MEMBANGKITKAN se­ma­ngat penciptaan seni tra­di­si klasik yang mendobrak, men­transformasi simbol kehidu­­pan untuk mencari hakikat jati diri me­lakoni hidup sebagai ’’wa­yang’’ yang dimainkan ’’dalang sejati’’, jati diri kemakhlukan, melalui metafora personifi­ka­tif wayang golek (boneka), mung­kin menjadi peker­jaan besar generasi kini dalam menghargai karya budaya pendahulu.

Wayang golek menak atau wayang wong menak merupakan karya monumental dalam khaza ah tari klasik gaya Jog­jakarta yang coba diangkat ulang dari keterendaman za­man oleh Dinas Ke budayaan DIJ.
Di pendapa Akademi Komunitas Negeri Seni dan Budaya Jogjakarta, wayang menak dipergelarkan 6–8 Mei lalu oleh enam perkumpulan tari dalam enam lakon.

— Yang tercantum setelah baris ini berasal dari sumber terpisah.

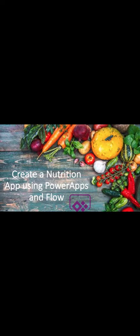Hey everyone, April Dunham here. Today I'm going to show you how to create a nutrition tracker app in PowerApps using PowerApps and Flow.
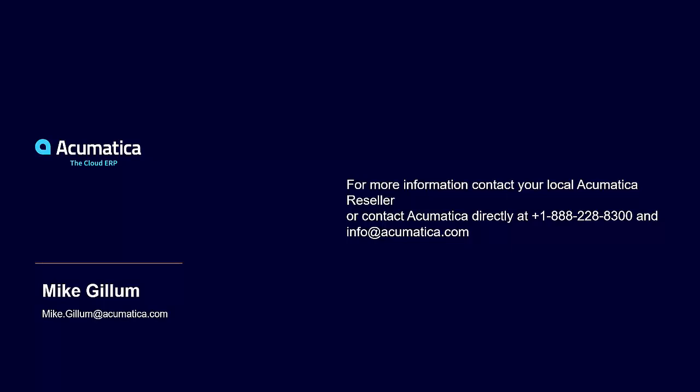Again, my name is Mike Gillum. If you want more information, you can contact your local Acumatica reseller, or you can contact us at Acumatica directly at 888-228-8300. Thank you, and have a wonderful day.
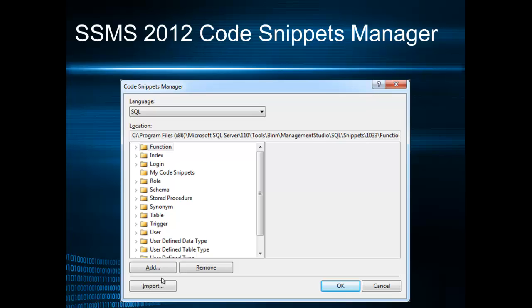and you can also add your own set of snippets in a brand new category that you can create.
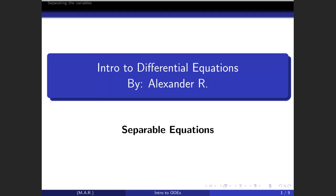Hello, this is Alex and you're watching differential equations. Today we're going to talk about separable equations, focusing on the mathematics only. In a different video, we'll talk about the applications.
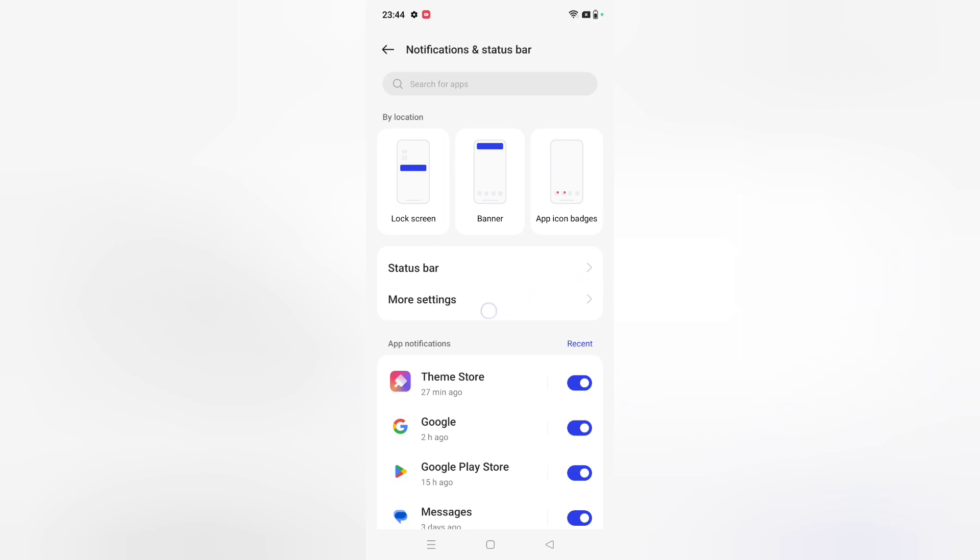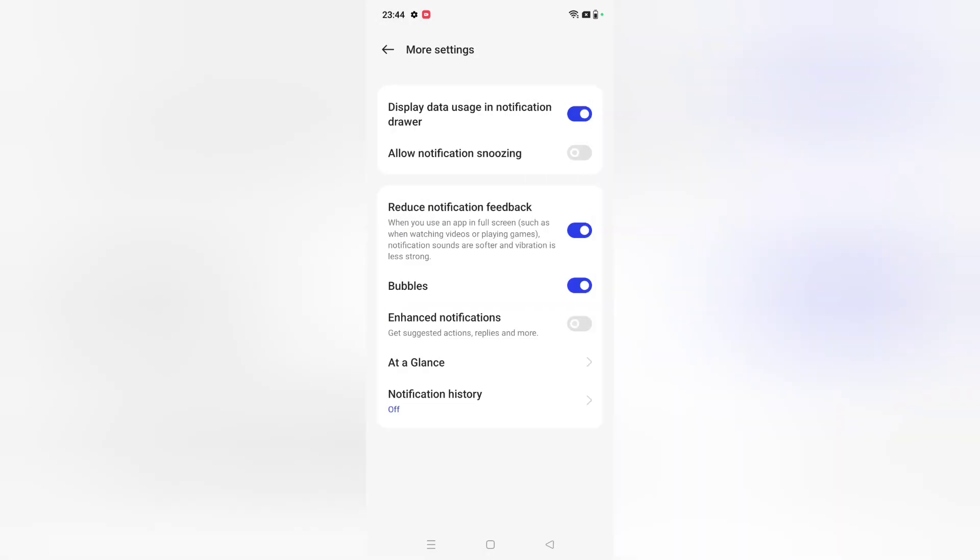From here you can see the option inside this Notification and Status Bar. You can see More Settings. Then from here you can see at the bottom, the last option is Notification History. So friends, click on it.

Enam lakon itu adalah Geger Mu­kadam yang dibawakan POSB Retno Aji Mataram, Menak Sorangan (Siswa Among Beksa), Bedhah Negari Ambarkustub (YPB Sasminta Mardawa), Jayengrana Winiwaha (Kridha Beksa Wirama), Retna Marpinjun (PK Suryo Kencono), dan Widaninggar Boyong (Irama Tjitra).

Lakon wayang menak ber­sumber dari Serat Menak dan Serat Ambya. Banyak sumber menyebutkan, lakon itu saduran dari buku Hikayat Amir Hamzah dalam khazanah sastra Melayu yang bersumber dari Qissail Emr Hamza dalam khazanah sastra Parsi-Arab. ’’Pen­ja­waannya’’ menjadi Serat Menak oleh kalangan pujangga dan carik di Keraton Kartasura atas perintah Ratu Blitar, istri Sunan Paku Buwono I, kepada Carik Narawita (1717).

Kemudian berlanjut pada masa Yasadipura I (1729–1802), pujangga yang mengalami masa Keraton Kartasura-Surakarta. Tradisi sastra menak berkembang menjadi kekayaan serat lakon dan serat wulang di keraton-keraton Jawa yang kemudian meluber hingga di kalangan rakyat.

Serat Menak digunakan sebagai sumber lakon pertunjukan wayang golek (boneka) dan populer di kalangan rakyat pada ma­sanya.

Raja Jogjakarta kala itu, Sri Sultan Hamengku Buwono (HB) IX, sempat menyaksikan pertunjukan wayang golek pada tahun 40-an di daerah Kedu, Jawa Tengah.

Peristiwa itulah yang memicunya untuk menyusun tarian klasik dengan basis estetika tari klasik Jogjakarta, diperkaya unsur estetika wayang golek dengan sumber lakon selain Ma­ha­bharata, Ramayana, dan Panji (gedhogan).
Serupa golek menari? Bukan. Wayang golek menak karya Sri Sultan HB IX (1912–1988) tidak menyerupakan golek (kayu) yang sedang ditarikan dalang. Bukan meniru gerak golek.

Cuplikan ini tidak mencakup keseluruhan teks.